The lone standout character–and actor–in the movie is Betty Gilpin as Crystal, a character who was, as it turns out–and this gives nothing away, because it’s apparent from the start–was mistakenly drugged and kidnapped, does not fit the ideology or biases of either side, and, essentially, should not be there, on any level in terms of what the kidnappers intended for their hunted prey. Crystal is the lone successful embodiment in the movie of a real person, a real human being–down-to-earth, tough, gutsy, courageous, smart on a common sense level, and simply a likeable, gruff, tough, no-nonsense, grounded person. Crystal’s the type of person you’d actually like to hang out with–unlike any of the other characters. Now, it’s clear that this indeed what the filmmakers intended Crystal to symbolize, and that’s backed up by their interviews, but when only one characterization, only one character, only one actor, works on any workable level in a movie, that cannot save the film. Thus, as likeable as Crystal the character actually is, and as likeable as Gilpin’s acting is in the movie–it’s too little, too late.

If anything, “The Hunt” should propel Gilpin to more and many upcoming lead roles in future films. If “The Hunt” can succeed on any level, this would be a good level of success. Gilpin shines in the role, and it is indeed great to see Gilpin kick some derriere in the movie. But, again, it’s just not enough to save the movie.

There have been hundreds of variations of Connell’s “The Most Dangerous Game” through the decades–on film, on television, on radio, in books, in animation, in video games, in online games, and even in songs!–but for fans of this great, classic short story, let’s choose, for now, just one excellent variation of the story to watch and relish and enjoy: A 1998 episode of the remade–and vastly improved–series “The Outer Limits” was also called “The Hunt,” and in this episode, spoiled, rich humans hunt enslaved, poorly-treated, but likeable–and increasingly human–androids through the forest. The rules and parameters are seemingly rigged against the androids in favor of the moronic humans–but the androids band together, develop a plan, and completely disrupt the hunt. However, as in many episodes of “The Outer Limits,” there are unforeseen dangers, risks, twists and turns in the story. This beautifully-crafted, excellently-written-and-directed-and-acted one-hour episode contains so much emotion, feeling, insight, analysis, intelligence and satisfaction, this episode set the bar high for all later versions of “The Most Dangerous Game.” This episode contains all of the intelligence, sociological discussion, analytical discourse and messages, symbols, themes, morals and points that completely elude and are completely lacking in the 2020 movie version also called “The Hunt.” Find and watch this “Outer Limits” episode–it’s simply excellent. Certainly, Connell himself would have loved this version of his beloved story.

No other variation or version of Connell’s story has matched, on any level, this “Outer Limit’s” episode–since 1998. This episode set a high bar for variations of “The Most Dangerous Game” and no one–in any medium–has passed that bar during the last twenty-two years. Really.

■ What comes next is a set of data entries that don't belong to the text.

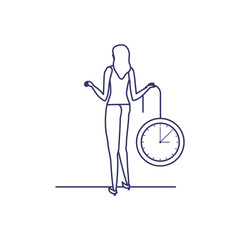 silhouette of woman with clock in white background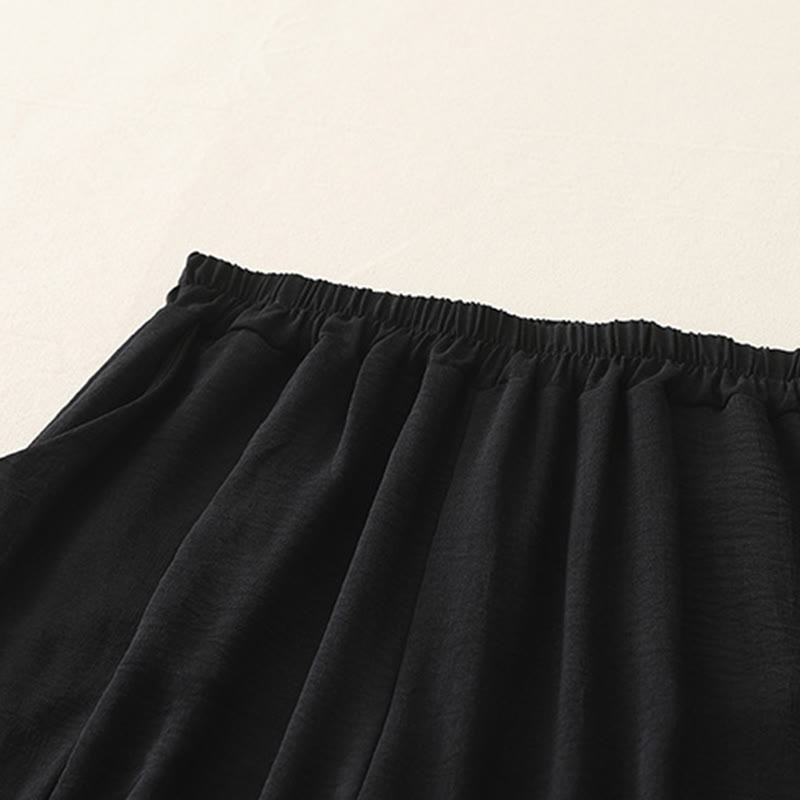 Pantalon décontracté en coton et lin pour femme, style Buddha Stones uni, avec poches, longueur 7-8, motif grenouille et boutons - image 10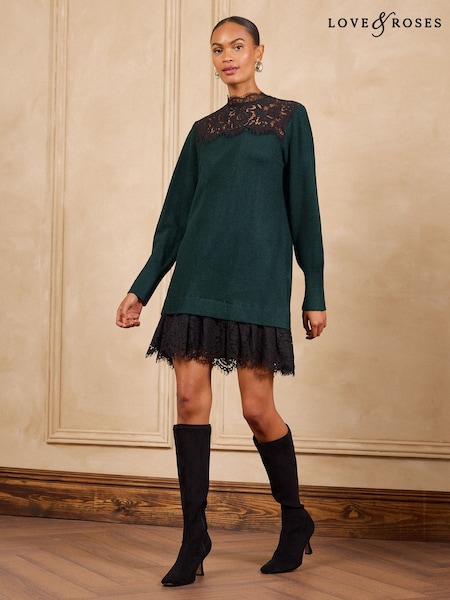 Waldgrün - Love & Roses Lace Detail High Neck Knitted Mini Dress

So as the weekend approaches, avoid the pitfalls of the ides of March, and don’t make plans to go out on “The Hunt,” in terms of the 2020 movie version. Instead, see those other, previously-mentioned, recommend films currently out in the theaters–or search online and in the streaming world and find that 1998 episode of “The Outer Limits” called “The Hunt.” There, you’ll find in one hour some truly lasting messages to think about. As the narrator so perceptively states at the end of the episode: “As machines grow more human, we must be wary that we do not become less so.”

Now, that’s something to think about.